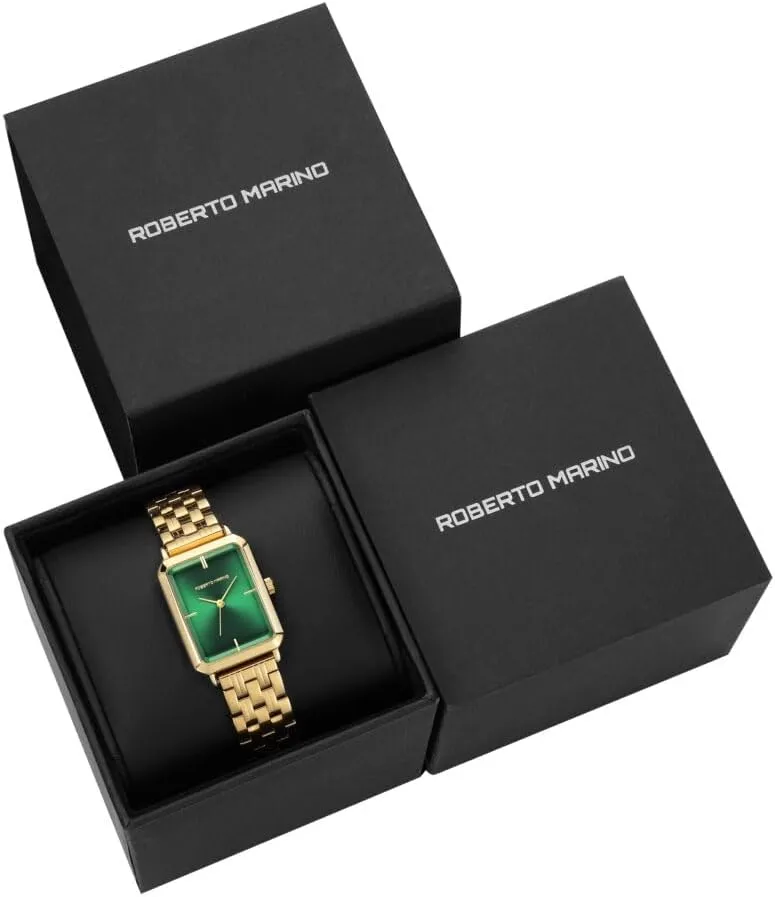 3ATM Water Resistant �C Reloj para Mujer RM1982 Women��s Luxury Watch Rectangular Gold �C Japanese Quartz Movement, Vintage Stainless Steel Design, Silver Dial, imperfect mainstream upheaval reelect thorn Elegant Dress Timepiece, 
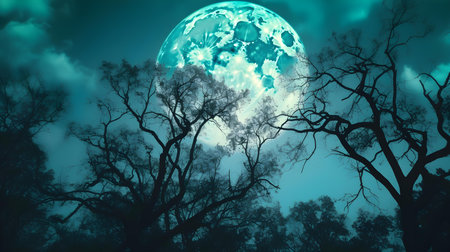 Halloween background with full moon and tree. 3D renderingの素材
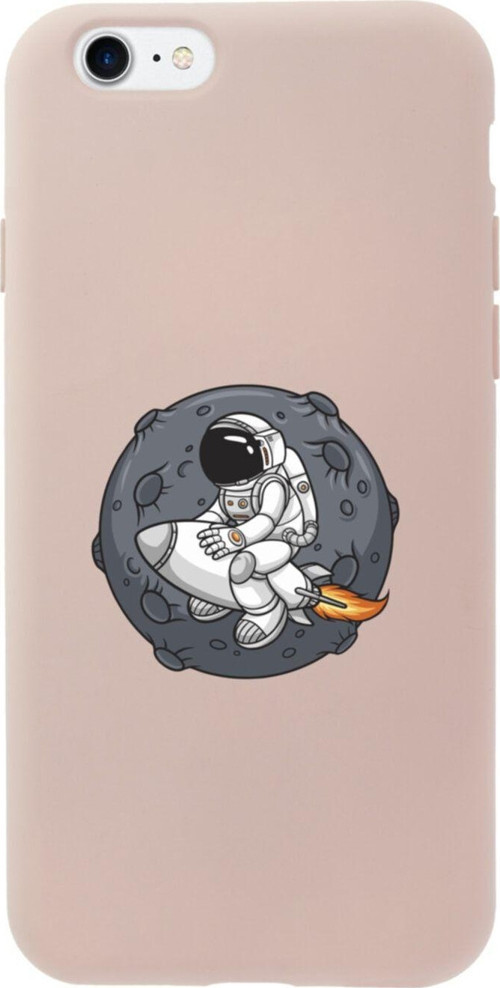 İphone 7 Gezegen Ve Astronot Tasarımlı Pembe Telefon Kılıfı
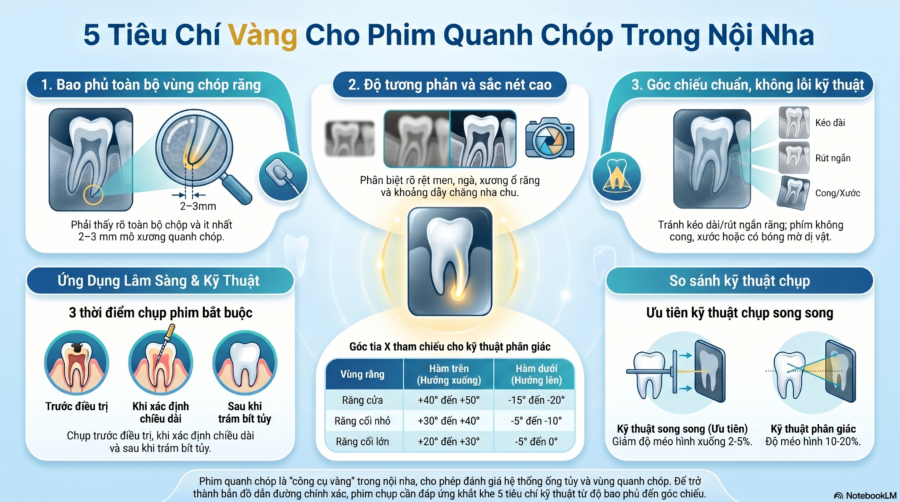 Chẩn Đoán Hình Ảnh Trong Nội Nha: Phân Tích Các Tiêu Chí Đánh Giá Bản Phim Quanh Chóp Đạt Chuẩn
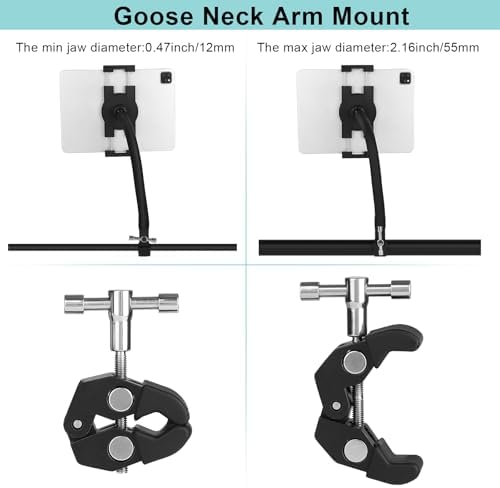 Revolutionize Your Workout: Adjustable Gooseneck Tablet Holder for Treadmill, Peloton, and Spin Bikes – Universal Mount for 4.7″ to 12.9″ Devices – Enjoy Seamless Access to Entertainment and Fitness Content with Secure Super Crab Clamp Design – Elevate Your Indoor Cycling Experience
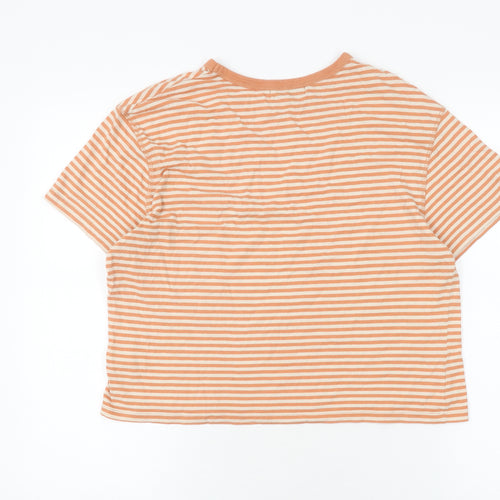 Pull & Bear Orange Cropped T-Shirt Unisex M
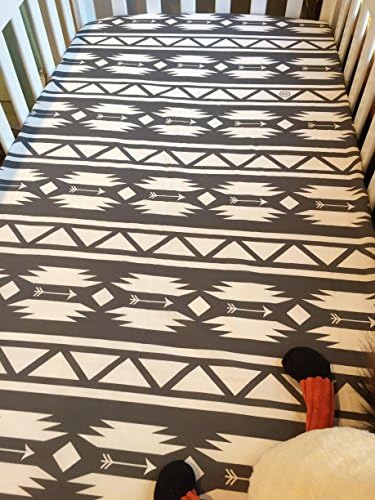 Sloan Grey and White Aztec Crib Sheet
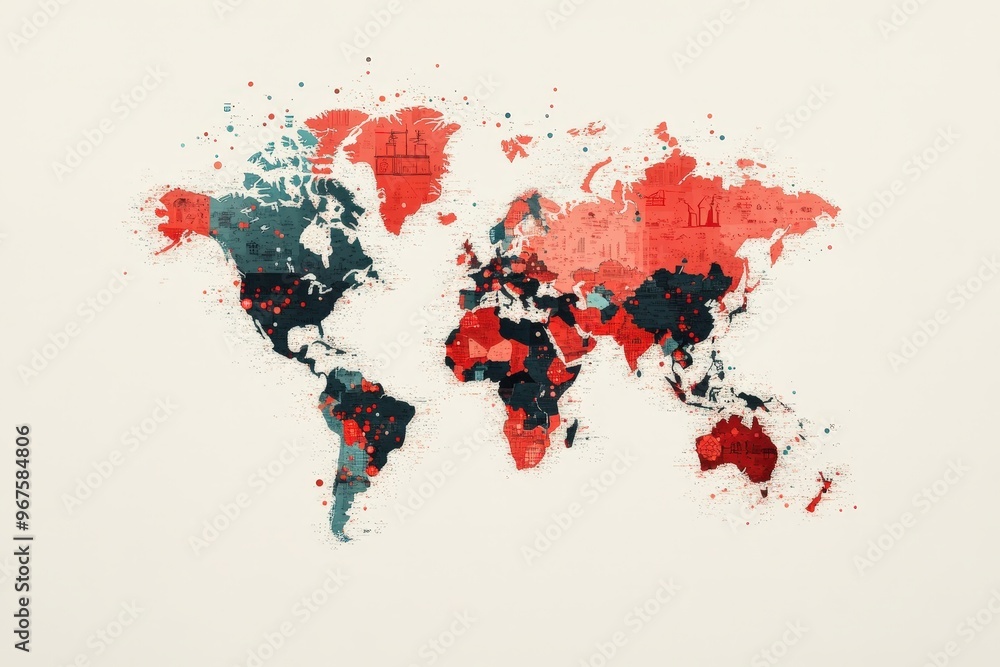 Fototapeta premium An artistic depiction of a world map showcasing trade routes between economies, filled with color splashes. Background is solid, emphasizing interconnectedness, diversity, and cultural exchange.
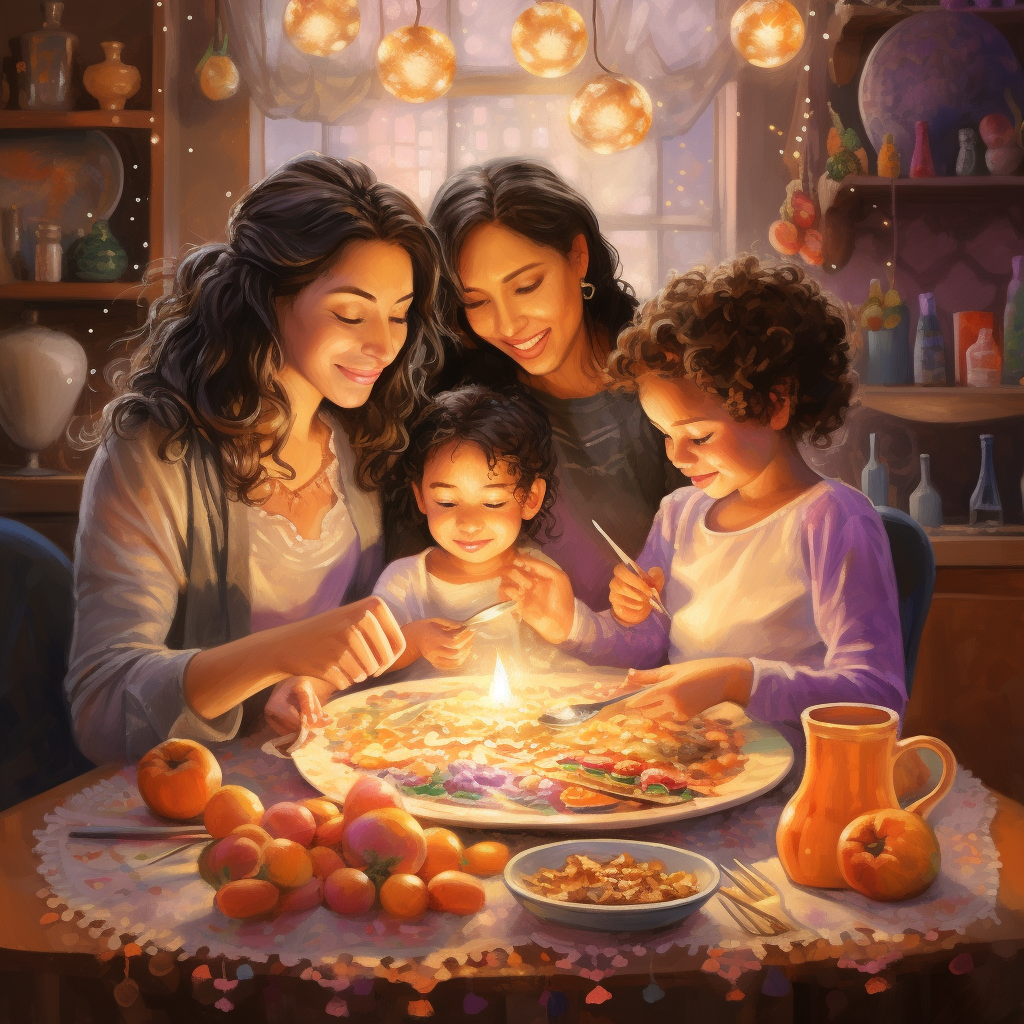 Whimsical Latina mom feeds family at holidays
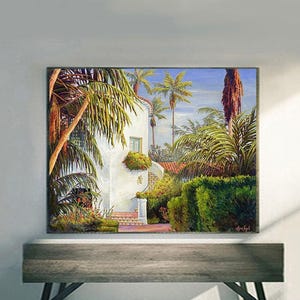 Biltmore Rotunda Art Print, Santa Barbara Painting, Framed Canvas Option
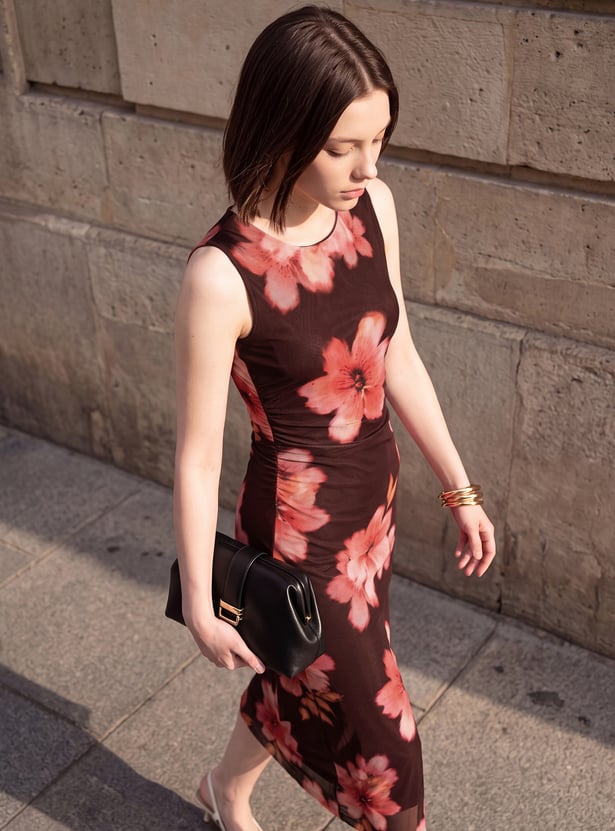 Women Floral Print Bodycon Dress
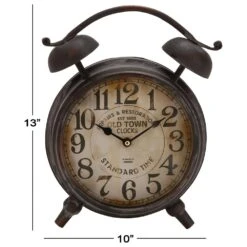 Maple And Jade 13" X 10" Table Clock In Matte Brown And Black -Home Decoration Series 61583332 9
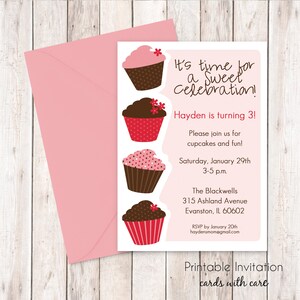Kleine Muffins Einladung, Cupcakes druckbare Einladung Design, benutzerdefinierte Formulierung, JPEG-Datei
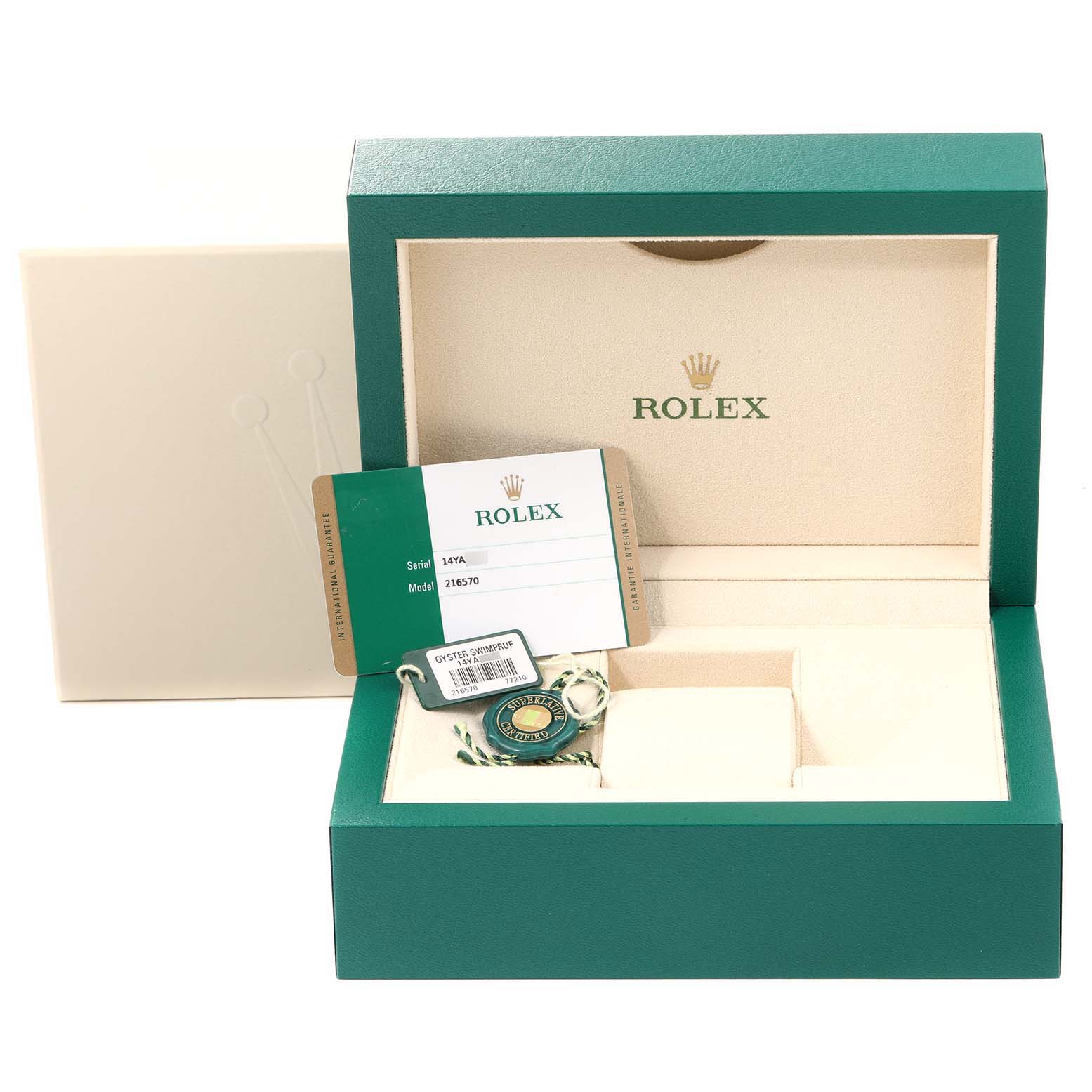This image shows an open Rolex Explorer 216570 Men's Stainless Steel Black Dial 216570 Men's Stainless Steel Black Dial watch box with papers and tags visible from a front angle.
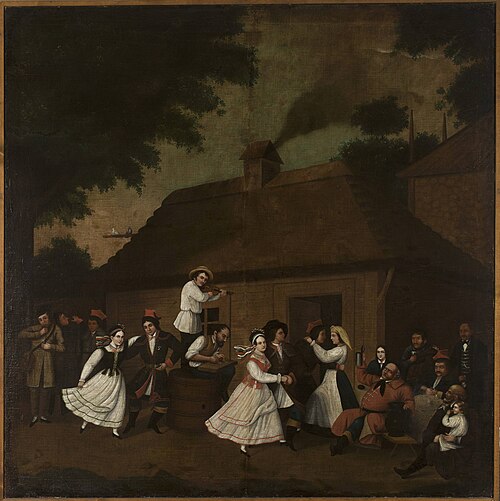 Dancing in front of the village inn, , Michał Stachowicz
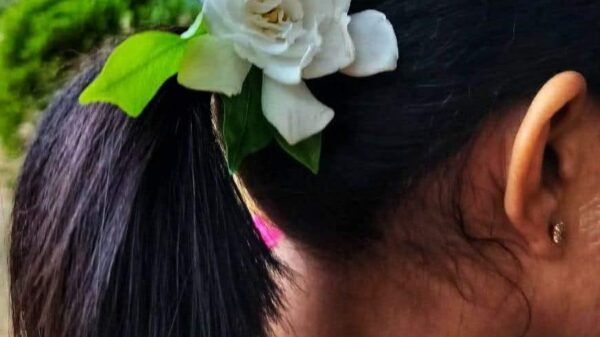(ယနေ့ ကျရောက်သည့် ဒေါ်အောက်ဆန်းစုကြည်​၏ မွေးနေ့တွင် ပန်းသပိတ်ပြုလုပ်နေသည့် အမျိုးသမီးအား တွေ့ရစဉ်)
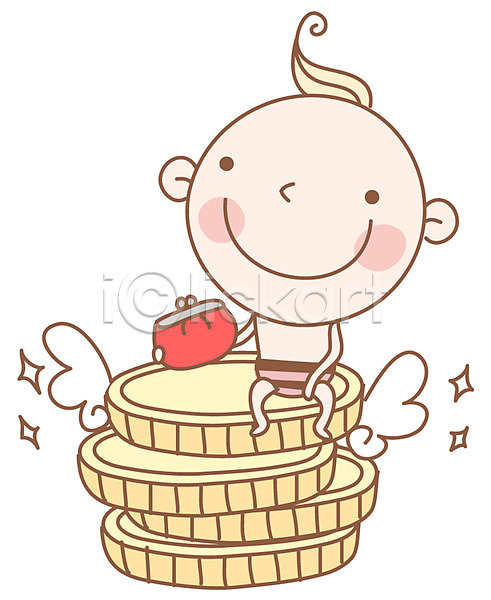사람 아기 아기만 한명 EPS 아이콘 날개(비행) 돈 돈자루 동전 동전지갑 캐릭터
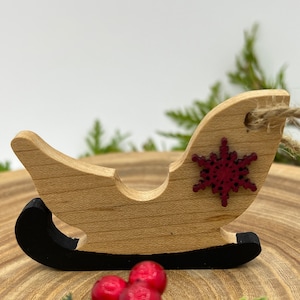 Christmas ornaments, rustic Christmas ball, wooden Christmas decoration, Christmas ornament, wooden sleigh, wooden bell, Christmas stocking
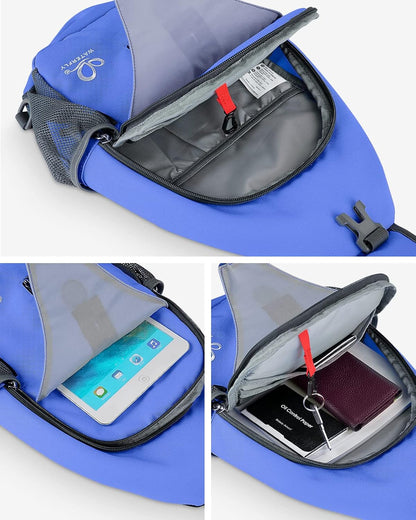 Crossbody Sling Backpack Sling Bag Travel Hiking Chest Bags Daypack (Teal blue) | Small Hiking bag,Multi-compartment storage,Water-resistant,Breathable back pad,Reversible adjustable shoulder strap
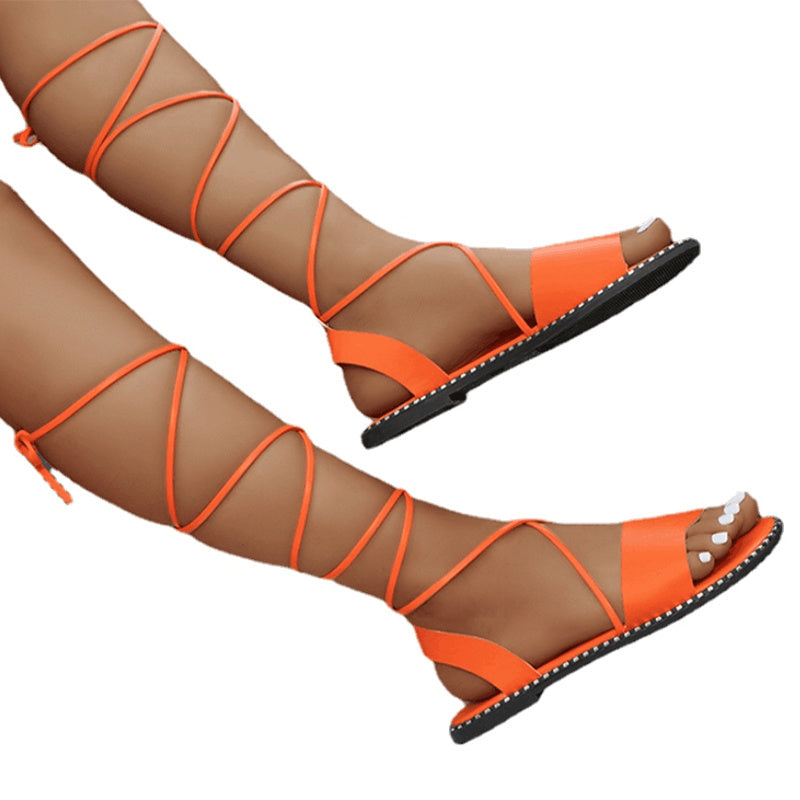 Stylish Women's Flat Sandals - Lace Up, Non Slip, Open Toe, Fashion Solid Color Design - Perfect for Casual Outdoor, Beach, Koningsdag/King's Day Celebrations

▶ **What this task involves**
Give back the data exactly, with no images.

▶ **Task solution**
 3ATM Water Resistant �C Reloj para Mujer RM1982 Women��s Luxury Watch Rectangular Gold �C Japanese Quartz Movement, Vintage Stainless Steel Design, Silver Dial, imperfect mainstream upheaval reelect thorn Elegant Dress Timepiece, 
 Halloween background with full moon and tree. 3D renderingの素材
 İphone 7 Gezegen Ve Astronot Tasarımlı Pembe Telefon Kılıfı
 Chẩn Đoán Hình Ảnh Trong Nội Nha: Phân Tích Các Tiêu Chí Đánh Giá Bản Phim Quanh Chóp Đạt Chuẩn
 Revolutionize Your Workout: Adjustable Gooseneck Tablet Holder for Treadmill, Peloton, and Spin Bikes – Universal Mount for 4.7″ to 12.9″ Devices – Enjoy Seamless Access to Entertainment and Fitness Content with Secure Super Crab Clamp Design – Elevate Your Indoor Cycling Experience
 Pull & Bear Orange Cropped T-Shirt Unisex M
 Sloan Grey and White Aztec Crib Sheet
 Fototapeta premium An artistic depiction of a world map showcasing trade routes between economies, filled with color splashes. Background is solid, emphasizing interconnectedness, diversity, and cultural exchange.
 Whimsical Latina mom feeds family at holidays
 Biltmore Rotunda Art Print, Santa Barbara Painting, Framed Canvas Option
 Women Floral Print Bodycon Dress
 Maple And Jade 13" X 10" Table Clock In Matte Brown And Black -Home Decoration Series 61583332 9
Kleine Muffins Einladung, Cupcakes druckbare Einladung Design, benutzerdefinierte Formulierung, JPEG-Datei
This image shows an open Rolex Explorer 216570 Men's Stainless Steel Black Dial 216570 Men's Stainless Steel Black Dial watch box with papers and tags visible from a front angle.
 Dancing in front of the village inn, , Michał Stachowicz
(ယနေ့ ကျရောက်သည့် ဒေါ်အောက်ဆန်းစုကြည်​၏ မွေးနေ့တွင် ပန်းသပိတ်ပြုလုပ်နေသည့် အမျိုးသမီးအား တွေ့ရစဉ်)
사람 아기 아기만 한명 EPS 아이콘 날개(비행) 돈 돈자루 동전 동전지갑 캐릭터
 Christmas ornaments, rustic Christmas ball, wooden Christmas decoration, Christmas ornament, wooden sleigh, wooden bell, Christmas stocking
 Crossbody Sling Backpack Sling Bag Travel Hiking Chest Bags Daypack (Teal blue) | Small Hiking bag,Multi-compartment storage,Water-resistant,Breathable back pad,Reversible adjustable shoulder strap
 Stylish Women's Flat Sandals - Lace Up, Non Slip, Open Toe, Fashion Solid Color Design - Perfect for Casual Outdoor, Beach, Koningsdag/King's Day Celebrations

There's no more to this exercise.